» About this task
Write out the stretch of lines below that begins at the line with "Feijóo acusa al" and ends at the line with "Load image into", including both, exactly as given and nothing more.

» Data for this exercise

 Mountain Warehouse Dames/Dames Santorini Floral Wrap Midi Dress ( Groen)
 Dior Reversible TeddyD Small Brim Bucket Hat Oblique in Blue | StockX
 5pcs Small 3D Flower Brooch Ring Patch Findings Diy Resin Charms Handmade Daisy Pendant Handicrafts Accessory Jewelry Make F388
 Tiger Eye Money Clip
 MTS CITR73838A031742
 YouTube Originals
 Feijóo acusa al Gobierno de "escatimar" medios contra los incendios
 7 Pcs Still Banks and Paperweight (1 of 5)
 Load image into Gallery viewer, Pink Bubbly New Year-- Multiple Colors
---
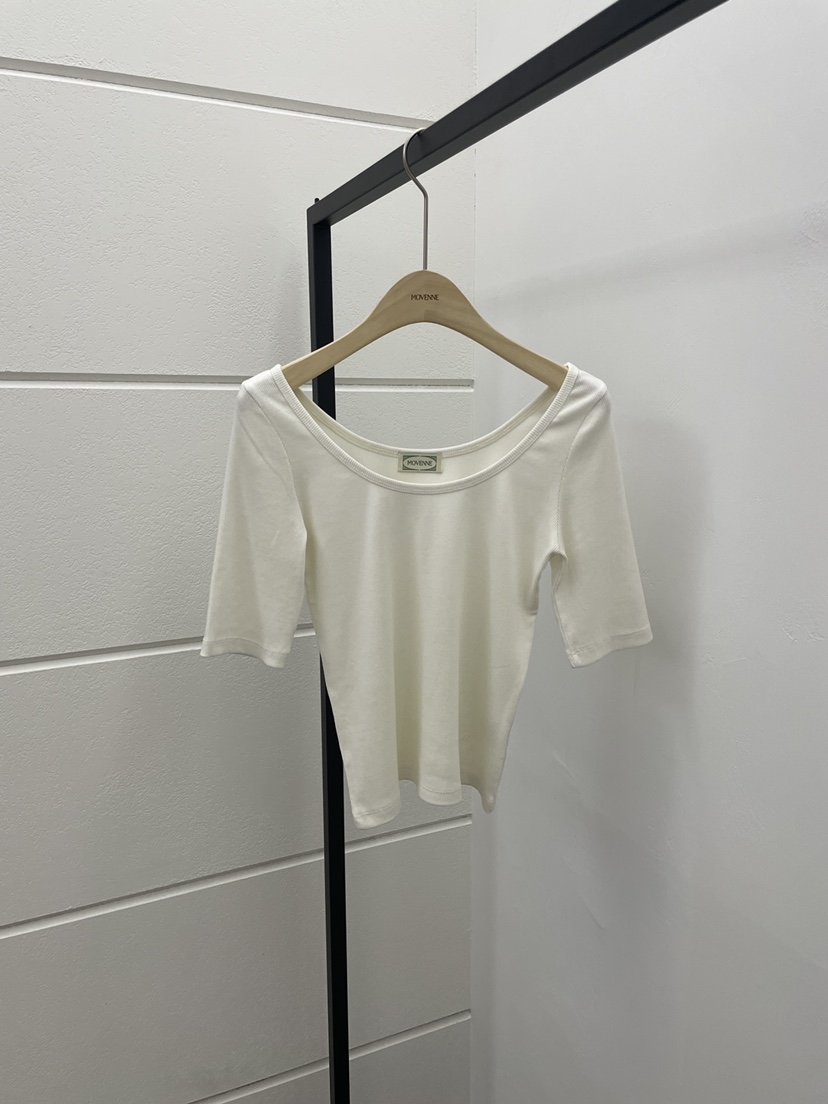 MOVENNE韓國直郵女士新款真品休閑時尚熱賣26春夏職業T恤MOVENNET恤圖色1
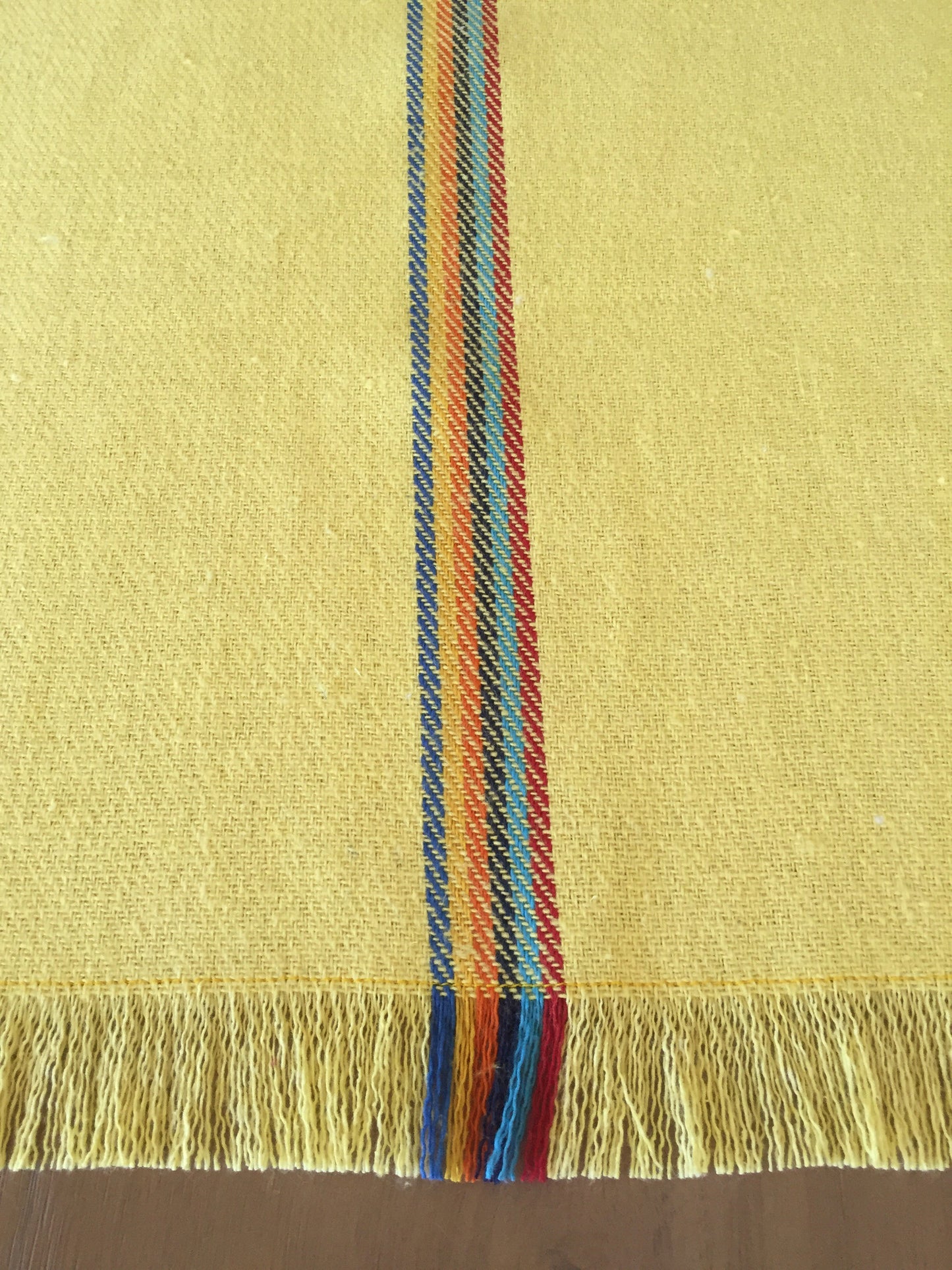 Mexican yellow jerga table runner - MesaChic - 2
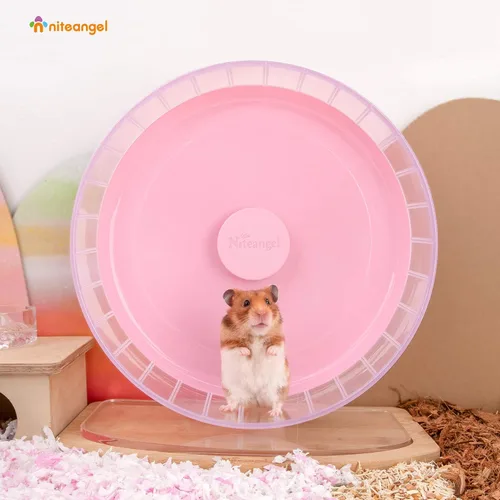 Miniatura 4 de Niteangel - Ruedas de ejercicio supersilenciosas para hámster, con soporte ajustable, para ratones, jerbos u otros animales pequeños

» Problem solution
 Feijóo acusa al Gobierno de "escatimar" medios contra los incendios
 7 Pcs Still Banks and Paperweight (1 of 5)
 Load image into Gallery viewer, Pink Bubbly New Year-- Multiple Colors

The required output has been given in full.